All business owners at some point, either through planning or lack of planning, will exit their business. Baldwin & Clarke’s Exit Planning Solutions employs the Seven Step Exit Planning Process TM to help business owners take control of the exit planning process and create a plan of their choice.
The Seven Steps:
- Exit Objectives1
- Financial Resources2
- Sell Your Company4
- Transfer Ownership5
- Business Continuity6
- Wealth/Estate Planning7
Step One: Your Exit Objectives. Each business owner’s unique objectives drive the creation of his or her Exit Plan. Step One establishes and tests your objectives so that your Exit Plan works to achieve your goals. Your key objectives are:
1) your desired departure date
2) the value that you want or need from the business
3) the individuals or entities to whom you want to sell/transfer your business.
Step Two: Your business and personal financial resources. The starting point for reaching your exit objectives begin here: How much is your business worth today?
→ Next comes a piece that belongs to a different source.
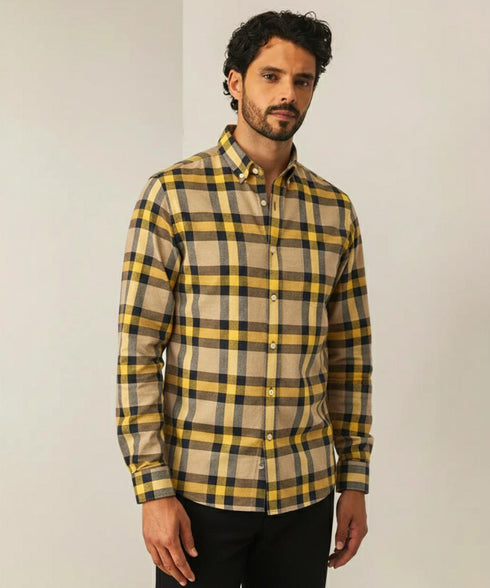 Chemise beige avec carreaux  jaune et noir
How much cash flow does it currently generate? How much income do your non-business assets produce? We then project future cash flow, as well as the future value of your business and non-business assets. Most importantly, the combination of Steps One and Two tells us the extent of value or cash flow increase that is necessary to meet your goals.
Step Three: Build and Preserve Value. Based on the first two steps, we make specific recommendations to help grow business value, protect existing value from the actions of others, and preserve company value by minimizing income taxes.
Possible Recommendations to build and preserve value:
- Management Team Development Plan
- Plan to Transition Management Responsibility
- Employee Compensation Review and Analysis
- Qualified Retirement Plan Changes
- Key Person Insurance Planning
- Key Employee Incentive Compensation Plan (Stock Bonus Plan, Phantom Stock Plan, Stock Appreciation Rights, Non-qualified Deferred Compensation Plan, Cash Bonus Plan)
- Separation of Business Assets from Business Operations
- Covenant Not to Compete
Step Four: Selling your company to a Third Party. If you choose to sell your company to a third party, we design strategies to improve the likelihood of a successful sale, minimize taxes you will pay upon sale, and maximize your sale price and terms. If you choose instead to retain ownership or transfer the company to insiders, you will skip this step.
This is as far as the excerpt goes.